Les défis qui attendent la finance participative au Maroc, selon Fitch Ratings

Banques participatives. DR

D’après l’agence de notation américaine, la finance participative doit surmonter plusieurs contraintes comme la faiblesse de son capital et l’offre limitée en produits pour poursuivre sa croissance au Maroc.

Le 17/03/2023 à 15h25

Le secteur de la finance islamique pourrait augmenter sa croissance au Maroc, à condition de lever certains obstacles qui entravent son développement. C’est ce que recommande Fitch Ratings, dans une récente note intitulée: «L’industrie marocaine de la finance islamique est naissante, et fait face à des défis clés».

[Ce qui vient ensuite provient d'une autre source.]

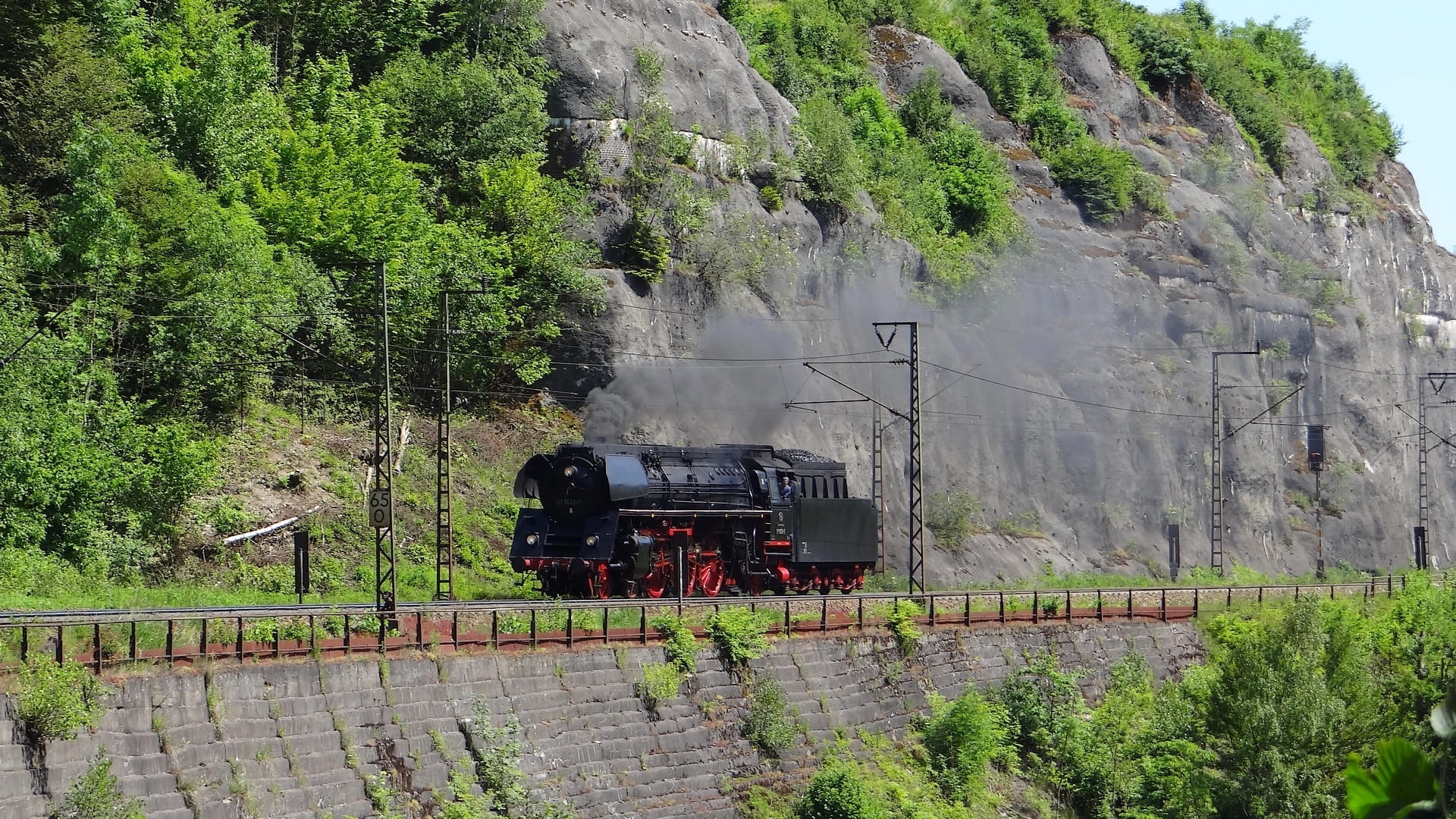 Br, train - vehicle, tree, outdoors, beauty in nature, steam, locomotive, transportation, land vehicle, mode of transportation, br 01, army, no people, HD Wallpaper
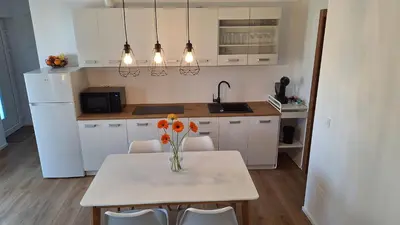 a kitchen with a table with a vase of flowers on it at Apartment GA-JA in Ljubljana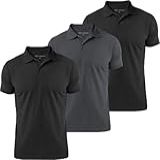 Kit 3 Camisas Polo Masculina Básica Lisa Detalhe 3 Frisos -BR- Alfa- G- Regular- Preto-Preto-Grafite-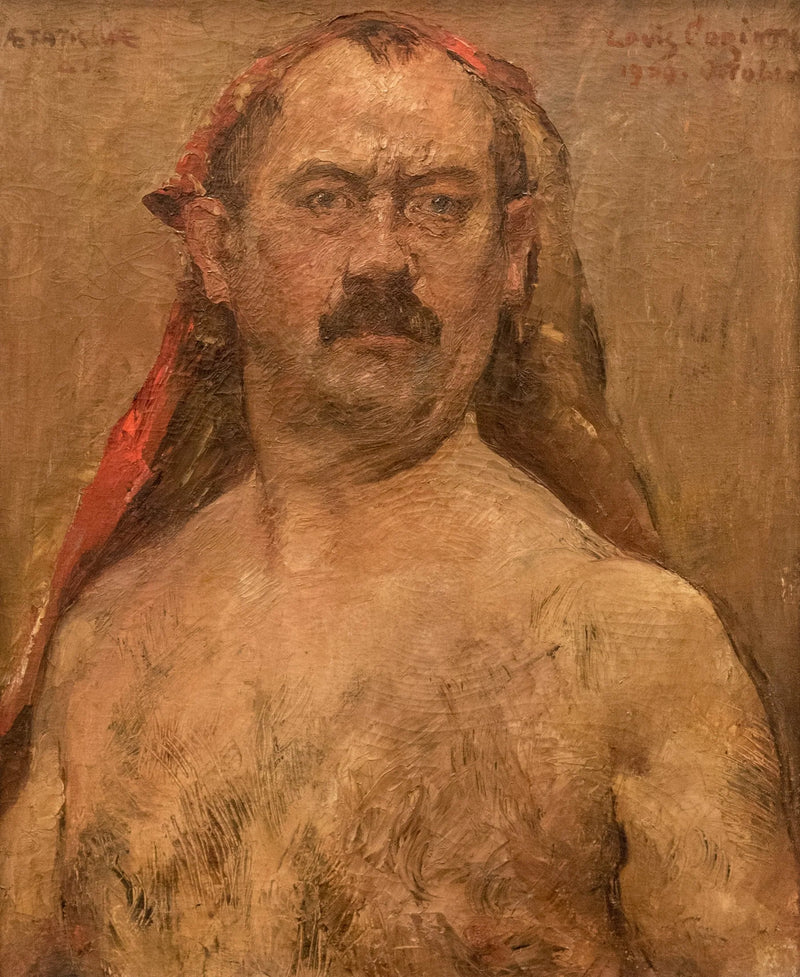 Selbstbildnis als Halbakt mit rotem Kopftuch - Lovis Corinth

D’après l’agence de notation américaine, «le potentiel de croissance à long terme du secteur de la finance islamique au Maroc est important, soutenu par la population majoritairement musulmane du pays». Elle «pourrait également contribuer à stimuler l’inclusion financière, car environ 56% de la population adulte du Maroc, n’avait pas de compte bancaire en 2021, selon la Banque mondiale, avec environ 19% de la population non bancarisée, citant des raisons religieuses comme un obstacle, soit parmi les plus élevés au monde».

Pour atteindre ce cap, le secteur devrait au préalable relever certains défis, comme la faiblesse de son capital. En effet, la finance verte ne pesait que 2,7 milliards de dollars fin 2022 et ne détenait qu’une part de marché de 2% en termes d’actifs. Un ratio inférieur à celui d’autres pays d’Afrique du Nord comme la Tunisie (5,1%), l’Egypte (4%), et l’Algérie (2,4%), selon le Conseil des services financiers islamiques, précise le rapport.

Selon Fitch, cet écart est principalement dû à la création récente de cette finance dans le Royaume qui remonte à 2017. Point positif: ces actifs qui ont augmenté de 20% en 2022, un rythme plus rapide que la croissance des actifs des banques conventionnelles estimée à 7,6%. L’Etat marocain souhaite relever ce taux, pour atteindre les 5% de part de marché d’ici 2024.

L’offre limitée de produits constitue également un frein majeur à la croissance du secteur. Pour le moment, seules les filiales islamiques des banques conventionnelles et des guichets islamiques proposent des services dans ce sens. «L’offre de produits islamiques est fortement concentrée sur les prêts hypothécaires murahaba (83% du total des financements à fin 2022). Cependant, la part des banques islamiques dans le total des prêts au logement était de 7,9% fin 2022, en hausse de 19,6% en glissement annuel, contre presque zéro en 2018. En comparaison, les prêts au logement conventionnels ont chuté de 1,5% au cours de la même période», souligne l’agence de notation.

Autre contrainte, et pas des moindres, l’insuffisance de liquidité. A en croire Fitch, les banques islamiques marocaines sont confrontées à des problèmes de liquidité, notamment en raison de la forte proportion des comptes non rémunérés qui représentaient 71% du total des dépôts du secteur à fin 2022. Ce qui limite l’intérêt des clients à placer des dépôts auprès de ces banques. «En 2020, la banque centrale (BAM, NDLR) a introduit le produit de dépôt Wakala Bil Istithmar, qui permet aux banques islamiques d’accéder aux liquidités des banques conventionnelles (y compris leurs sociétés mères) et d’autres entités, telles que celles du secteur public et les entreprises», rappelle-t-elle.

Toujours selon l’organisme, les banques islamiques offrent également des dépôts d’investissement aux clients. Cependant, «ceux-ci ne sont pas garantis par le fonds d’assurance des dépôts des banques participatives, comme en Malaisie. Cela pourrait affecter la demande des consommateurs pour ces produits», constate-t-il.

Outre ces contraintes, la finance participative devrait aussi relever d’autres défis comme une meilleure réglementation du secteur, sensibiliser davantage le public pour lui permettre de mieux comprendre son fonctionnement, et les rassurer sur la conformité des banques islamiques à la charia, selon le rapport.